Opinion
No. A08-1536.
Filed July 7, 2009.
Appeal from the District Court, Olmsted County, File Nos. 55-C6-05-001988, 55-C1-05-001994, 55-C3-05-001995, 55-C5-05-001996, 55-C6-05-001991, 55-C7-05-001997, 55-C8-05-001992.
Gary A. Van Cleve, Rob A. Stefonowicz, Larkin Hoffman Daly Lindgren Ltd., (for respondents).
Thomas J. Radio, Hinshaw Culbertson, LLP, (for appellant).
Steven J. Quam, Fredrikson Byron, P.A., (for amicus curiae Maine Street Investors of Rochester, LLP and Maine Street Development Company of Rochester, LLC).
Joseph G. Springer, Fredrikson Byron, P.A., (for amicus curiae Builders Association of Minnesota).

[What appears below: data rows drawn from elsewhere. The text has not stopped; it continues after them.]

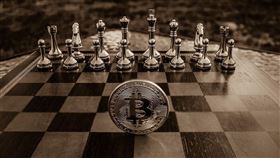 國泰金總經理李長庚首度鬆口，國泰世華銀行正評估發行穩定幣，並強調「流通性」才是關鍵。若各家金融機構僅發行各自無法互通的穩定幣，將淪為數位孤島，難以發揮真正金融效率。他呼籲台灣應打造可互連的穩定幣生態系，才能真正迎接數位金融時代。（示意圖／PIXABAY）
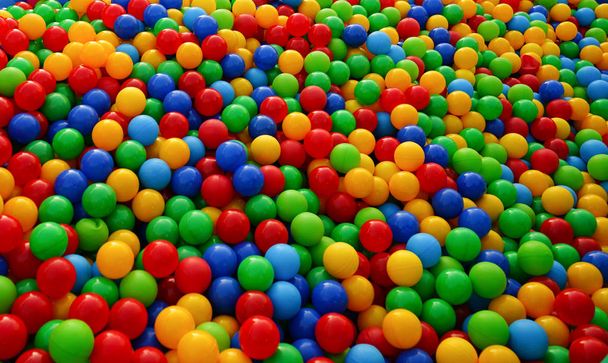 Kleine ballen van verschillende kleuren op de speelplaats. - Foto, afbeelding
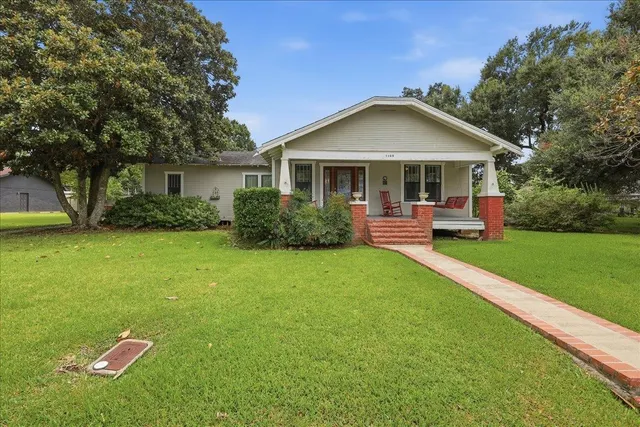 Popular Oaks Real Estate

Elizabeth A. Wefel, Flaherty Hood, P.A., (for amicus curiae The Coalition of Greater Minnesota Cities).
UNPUBLISHED OPINION
In this assessment dispute, appellant argues that the district court (1) erroneously excluded part of the project from its consideration and (2) made several findings that are not supported by the record. Respondent-property owners argue that the district court abused its discretion by failing to grant them leave to amend their pleadings to request attorney fees. We affirm.
FACTS
Respondents SJC Properties, LLC, Franklin P. Kottschade, Willow Creek Commons, LLC, and B F Properties, LLC, own approximately 200 acres of undeveloped real estate known as Willow Creek Commons (WCC) located in appellant City of Rochester. WCC is located at the southwest corner of 40th Street Southwest and Highway 63; it is bordered by 40th Street to the north, West 80 development to the south, 11th Avenue Southwest to the west, and Highway 63 to the east.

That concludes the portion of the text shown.